(i) How many cubic meters of soil must be dug out to make a well 20 meters deep and 2 meters in diameter ?

(ii) If the inner curved surface of the well in part (i) above is to be plastered at the rate of ₹ 50 per m², find the cost of plastering.

(i) A well needs to be formed which is 20 meters deep and has a diameter of 2 meters.

Height of well = 20 m

Radius = $\dfrac{\text{Diameter}}{2} = \dfrac{2}{2}$ = 1 m.

Volume of soil to be dug out = Volume of well to be formed.

Volume of cylinder = πr²h.

Putting values we get,

$\text{Volume of well } = \dfrac{22}{7} \times (1)^2 \times 20 \\[1em] = \dfrac{22 \times 1 \times 20}{7} \\[1em] = \dfrac{440}{7} \\[1em] = 62\dfrac{6}{7} \text{ m}^3.$

Hence, $62\dfrac{6}{7} \text{ m}^3$ of soil must be dug out for the formation of well.
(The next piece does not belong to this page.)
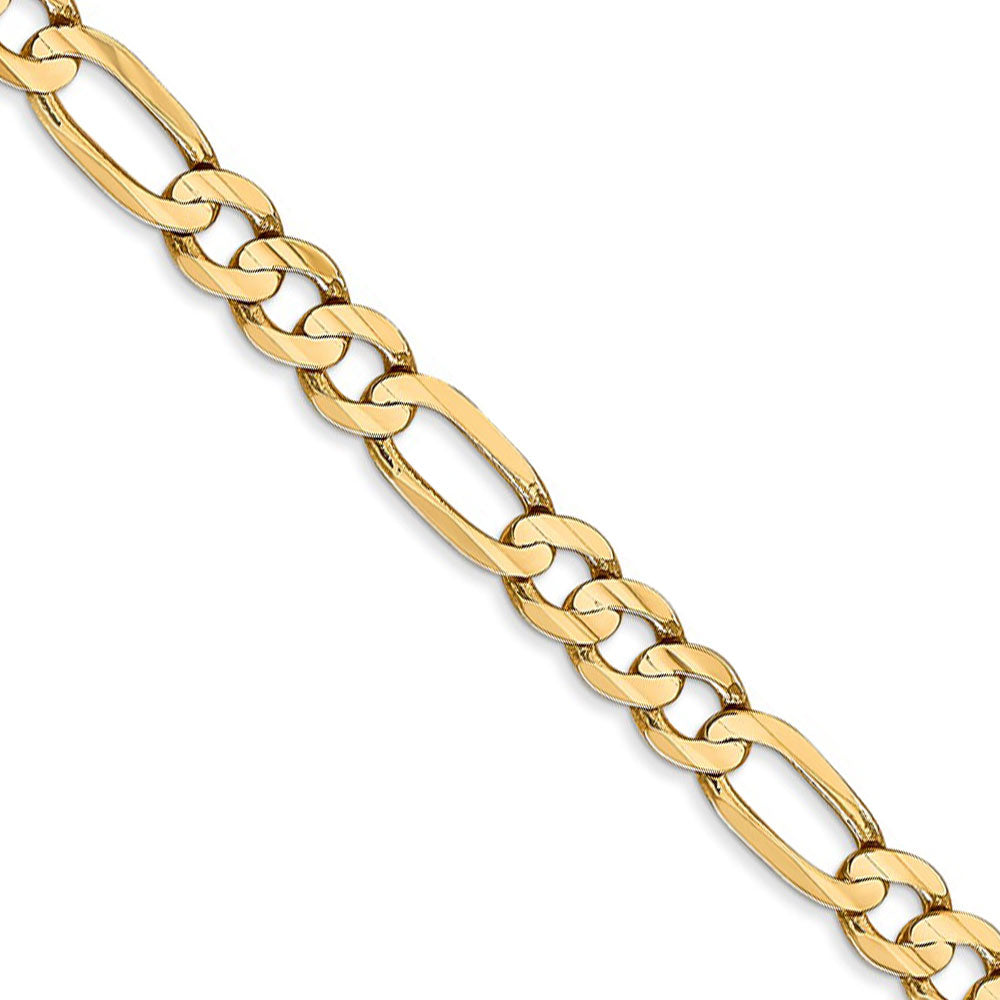 5.5mm, 14k Yellow Gold, Open Concave Figaro Chain Necklace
(ii) Curved surface area of cylinder = 2πrh

= $2 \times \dfrac{22}{7} \times 1 \times 20 = \dfrac{880}{7} \text{m}^2.$

Rate of plastering = ₹ 50/m².

So, plastering well will cost = $\dfrac{880}{7} \times 50 = \dfrac{44000}{7}$ = ₹ 6285.70

Hence, the cost of plastering the inner curved surface area of the well = ₹ 6285.70.